Accession Number P05252.022
Collection type Photograph
Object type Print
Maker Adams, Stan
Place made Australia: Queensland, North Queensland, Innisfail
Date made 1943
Conflict Second World War, 1939-1945
Copyright

Item copyright: Copyright expired - public domain

Public Domain Mark This item is in the Public Domain

Description

An unidentified soldier hoses down the gas trial chamber to help control the temperature. The demountable gas trial chamber MKII has plywood cladding and is covered with scaffolding and a tarpaulin. The chamber was used by the Australian Chemical Warfare Research and Experimental Section, later to be known as the 1st Field Trials Company, Royal Australian Engineers (RAE), and was designed by Dr A H (Hugh) Ennor, Jack Legge and the refrigeration engineer Walter Bassett, in Melbourne, Vic. It was a 100 cubic metre, stainless steel chamber, and was air conditioned to control effects of the northern heat and humidity for more accurate testing of chemical warfare gasses on human volunteers.
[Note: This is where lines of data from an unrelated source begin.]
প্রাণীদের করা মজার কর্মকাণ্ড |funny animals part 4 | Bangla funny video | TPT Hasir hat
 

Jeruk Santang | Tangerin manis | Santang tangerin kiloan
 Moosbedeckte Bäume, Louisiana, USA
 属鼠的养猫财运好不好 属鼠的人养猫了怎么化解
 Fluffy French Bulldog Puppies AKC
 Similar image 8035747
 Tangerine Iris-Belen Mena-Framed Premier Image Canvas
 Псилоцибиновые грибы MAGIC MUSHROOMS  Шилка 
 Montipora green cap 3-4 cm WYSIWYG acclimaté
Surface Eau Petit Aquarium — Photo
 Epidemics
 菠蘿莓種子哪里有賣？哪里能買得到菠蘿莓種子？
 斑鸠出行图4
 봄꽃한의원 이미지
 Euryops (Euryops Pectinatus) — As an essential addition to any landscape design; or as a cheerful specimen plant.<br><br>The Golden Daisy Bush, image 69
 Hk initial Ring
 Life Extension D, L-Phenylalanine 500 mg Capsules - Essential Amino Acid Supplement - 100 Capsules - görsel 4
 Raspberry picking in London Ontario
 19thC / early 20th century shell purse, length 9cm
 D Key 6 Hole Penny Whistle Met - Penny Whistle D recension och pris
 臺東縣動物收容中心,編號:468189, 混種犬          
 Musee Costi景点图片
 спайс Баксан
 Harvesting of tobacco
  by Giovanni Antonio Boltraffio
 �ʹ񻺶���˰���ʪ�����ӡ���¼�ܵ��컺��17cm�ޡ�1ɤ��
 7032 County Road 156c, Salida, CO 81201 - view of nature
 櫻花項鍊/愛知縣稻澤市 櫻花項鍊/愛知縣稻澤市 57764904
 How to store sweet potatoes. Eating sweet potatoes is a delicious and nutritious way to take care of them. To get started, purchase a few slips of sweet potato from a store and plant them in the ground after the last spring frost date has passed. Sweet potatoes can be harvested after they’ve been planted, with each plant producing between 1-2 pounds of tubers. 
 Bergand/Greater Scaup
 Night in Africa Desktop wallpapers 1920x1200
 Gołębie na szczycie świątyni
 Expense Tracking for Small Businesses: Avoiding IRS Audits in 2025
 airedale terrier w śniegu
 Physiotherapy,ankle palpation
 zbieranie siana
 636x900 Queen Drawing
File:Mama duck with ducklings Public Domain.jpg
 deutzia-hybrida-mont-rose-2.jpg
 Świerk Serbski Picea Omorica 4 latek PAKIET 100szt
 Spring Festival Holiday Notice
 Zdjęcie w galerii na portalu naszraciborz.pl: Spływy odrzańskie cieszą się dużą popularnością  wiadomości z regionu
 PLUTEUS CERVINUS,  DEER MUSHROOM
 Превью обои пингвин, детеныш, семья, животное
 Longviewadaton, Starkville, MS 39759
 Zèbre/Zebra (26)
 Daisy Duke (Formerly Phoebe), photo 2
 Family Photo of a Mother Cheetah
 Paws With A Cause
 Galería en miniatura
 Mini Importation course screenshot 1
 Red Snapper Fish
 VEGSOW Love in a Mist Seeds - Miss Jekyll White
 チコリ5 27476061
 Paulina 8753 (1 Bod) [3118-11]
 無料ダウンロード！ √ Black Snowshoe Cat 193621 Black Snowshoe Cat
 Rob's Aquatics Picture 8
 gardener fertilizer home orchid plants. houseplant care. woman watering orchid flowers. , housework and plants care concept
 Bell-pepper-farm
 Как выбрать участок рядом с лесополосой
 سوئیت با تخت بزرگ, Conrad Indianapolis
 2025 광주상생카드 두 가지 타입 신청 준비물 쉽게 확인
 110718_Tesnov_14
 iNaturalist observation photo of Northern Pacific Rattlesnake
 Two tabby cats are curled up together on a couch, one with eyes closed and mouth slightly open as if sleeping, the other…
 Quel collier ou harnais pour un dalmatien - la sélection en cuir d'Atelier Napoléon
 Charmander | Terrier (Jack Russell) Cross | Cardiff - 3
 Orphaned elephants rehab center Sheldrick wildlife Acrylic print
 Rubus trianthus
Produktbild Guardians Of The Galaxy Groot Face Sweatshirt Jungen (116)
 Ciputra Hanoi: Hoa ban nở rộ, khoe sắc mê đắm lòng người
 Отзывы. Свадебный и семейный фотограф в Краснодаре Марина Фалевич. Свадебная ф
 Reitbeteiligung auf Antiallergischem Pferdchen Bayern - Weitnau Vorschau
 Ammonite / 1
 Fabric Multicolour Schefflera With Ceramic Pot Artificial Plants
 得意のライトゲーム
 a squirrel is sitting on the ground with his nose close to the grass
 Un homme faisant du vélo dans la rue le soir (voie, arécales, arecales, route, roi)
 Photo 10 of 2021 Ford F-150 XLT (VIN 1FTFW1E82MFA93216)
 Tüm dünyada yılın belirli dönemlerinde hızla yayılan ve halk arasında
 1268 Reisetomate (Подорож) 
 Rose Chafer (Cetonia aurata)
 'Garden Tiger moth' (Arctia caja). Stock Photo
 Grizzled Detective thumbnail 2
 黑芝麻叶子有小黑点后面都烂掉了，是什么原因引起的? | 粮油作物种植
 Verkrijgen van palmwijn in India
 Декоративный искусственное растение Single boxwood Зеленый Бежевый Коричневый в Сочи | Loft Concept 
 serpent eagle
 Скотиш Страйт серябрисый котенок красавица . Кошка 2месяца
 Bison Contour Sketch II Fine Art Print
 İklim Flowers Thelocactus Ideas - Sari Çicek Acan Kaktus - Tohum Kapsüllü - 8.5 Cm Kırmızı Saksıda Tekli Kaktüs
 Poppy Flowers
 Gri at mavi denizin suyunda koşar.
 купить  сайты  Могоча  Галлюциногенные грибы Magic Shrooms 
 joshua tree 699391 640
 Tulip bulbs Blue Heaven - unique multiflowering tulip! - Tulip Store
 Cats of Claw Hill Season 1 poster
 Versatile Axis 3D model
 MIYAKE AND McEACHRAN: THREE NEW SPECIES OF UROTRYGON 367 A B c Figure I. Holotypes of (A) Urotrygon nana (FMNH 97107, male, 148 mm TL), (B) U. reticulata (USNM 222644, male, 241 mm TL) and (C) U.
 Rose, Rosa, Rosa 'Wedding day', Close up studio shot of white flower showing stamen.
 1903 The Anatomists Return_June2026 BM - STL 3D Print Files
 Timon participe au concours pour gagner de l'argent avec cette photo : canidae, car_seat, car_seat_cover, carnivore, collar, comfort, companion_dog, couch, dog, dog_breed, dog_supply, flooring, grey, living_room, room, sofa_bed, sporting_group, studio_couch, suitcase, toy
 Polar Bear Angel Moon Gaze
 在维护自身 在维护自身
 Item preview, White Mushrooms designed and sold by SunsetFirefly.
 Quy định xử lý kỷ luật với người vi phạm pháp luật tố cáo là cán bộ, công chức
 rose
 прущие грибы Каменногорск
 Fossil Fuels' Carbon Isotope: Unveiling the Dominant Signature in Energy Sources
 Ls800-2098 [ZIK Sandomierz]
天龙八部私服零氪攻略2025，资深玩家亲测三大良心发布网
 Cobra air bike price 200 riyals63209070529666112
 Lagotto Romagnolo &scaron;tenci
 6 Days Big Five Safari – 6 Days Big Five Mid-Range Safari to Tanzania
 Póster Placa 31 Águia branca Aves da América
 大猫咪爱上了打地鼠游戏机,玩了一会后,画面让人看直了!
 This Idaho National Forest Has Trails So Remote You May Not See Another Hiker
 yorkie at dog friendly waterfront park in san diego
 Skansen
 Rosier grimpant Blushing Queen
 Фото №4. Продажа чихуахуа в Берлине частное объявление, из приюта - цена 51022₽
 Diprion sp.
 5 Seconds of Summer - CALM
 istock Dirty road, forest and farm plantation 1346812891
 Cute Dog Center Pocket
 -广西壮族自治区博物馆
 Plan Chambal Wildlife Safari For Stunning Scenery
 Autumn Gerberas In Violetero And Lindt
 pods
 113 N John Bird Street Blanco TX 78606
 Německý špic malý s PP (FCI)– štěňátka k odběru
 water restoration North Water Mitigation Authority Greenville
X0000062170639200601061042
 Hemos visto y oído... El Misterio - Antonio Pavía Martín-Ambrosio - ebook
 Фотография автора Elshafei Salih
Despite the sophisticated refrigeration design, the chamber was directly influenced by the heat of the sun. The trial chamber was equipped with air locked doors and an ante room containing pressure gauges and meter monitored by laboratory assistants. During testing the volunteers exercised vigorously (moving sacks) usually for up to an hour, wearing respirators and sometimes with protective ointment and impregnated clothing. Without sophisticated instruments to control the release of the gas, Major F S (Freddie) Gorrill (Commanding Officer) used a makeshift method to generate a concentration of gas. Concentrations were achieved by volatising an amount of pure dichloro diethyl sulphide (mustard gas). The chemical was spread on blotting paper, placed on an electric hotplate, and distributed with the aid of an electric fan half a metre away. The walls were saturated with vapour until the concentration stabilised and to maintain as constant a temperature as possible. On the outside, a tarpaulin provided shade for the roof and walls. However, when the volunteers left the chamber the uncontrolled heat and humidity outside multiplied the effect of the chemicals on their clothes and skin. Note the four Porton bubblers in the left foreground. On the right next to the tarpaulin are injector boxes with one of their accompanying gas cylinder visible to the left of the soldier. The handles of more bubblers are visible behind the injector boxes.